International developments have not aided the White House’s argument. According to a doomsday projection from the International Monetary Fund, several pieces of evidence point to the possibility that the United States is already experiencing a “technical” recession, which the I.M.F. defines as two consecutive quarters of negative growth. Forecasters cautioned that slowing growth in China, America, and Europe increased the likelihood of a global recession.
Given the peculiar conditions of the pandemic recovery in the United States, especially in light of the robust job market, the government has attempted to argue that the conventional definition of a recession does not apply. Members of the White House Council of Economic Advisers wrote last week that “both official determinations of recessions and economists’ assessment of economic activity are based on a holistic look at the data — including the labor market, consumer and business spending, industrial production, and incomes.”
This week, representatives from the Treasury Department stated that “strong evidence suggests that the economy is not currently in a recession.” They highlighted a discrepancy between the gross domestic product, which accounts for the value of the products and services generated in the economy, and the alternative measure, gross domestic income, which adds up wages, profits, and investments when measuring economic growth. In the year’s first quarter, the gross domestic output declined while the gross household income rose.

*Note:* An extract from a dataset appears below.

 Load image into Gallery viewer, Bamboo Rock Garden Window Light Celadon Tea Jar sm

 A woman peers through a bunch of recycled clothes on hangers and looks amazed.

In some ways, there was no immediate need for or capacity to resolve the issue. After its initial reading on Thursday, the Commerce Department will modify its second-quarter growth at least twice, and it may do the same with the first-quarter estimate in an annual update later this year. The nation might be repeatedly pushed into or out of the abbreviated recession criterion due to all those modifications. Even if economic growth readings were off by a few tenths of a percentage point, Americans would be hard-pressed to perceive a difference in their day-to-day lives.
However, the distinction is significant from a political and helpful standpoint. Growing economic pessimism has lowered Vice President Biden’s popularity and added to Democrats’ concerns that they may lose control of at least one chamber of Congress in the next midterm elections. Fear that the economy was about to enter a recession might lead to consumers cutting back on spending and firms reducing hiring. Walmart recently reduced its profit projections and claimed that high costs influenced customers’ purchasing decisions in its stores.
On Tuesday, Mr. Biden attempted to promote economic optimism by virtually joining SK Group officials to announce $22 billion in new investments in the United States. According to Mr. Biden, the assets are “another evidence that America is open for business.”
The idea that Mr. Biden is right now about the possibility of a recession but incorrect later on poses the most significant political risk to him. Even if the economy expanded in the second quarter, it still faces the risk of entering a recession this summer or just before the November elections, especially if oil prices continue to rise globally, a trend that administration officials attempted to avert.
The risks for the world economy are “overwhelmingly biassed to the downside,” the I.M.F. said on Tuesday. For the fourth quarter of 2023, it lowered its growth predictions in the United States and predicted just 0.6 percent annual growth.
No matter how you define a recession, such a slowdown, according to I.M.F. authorities, “will make it increasingly challenging to avert one.”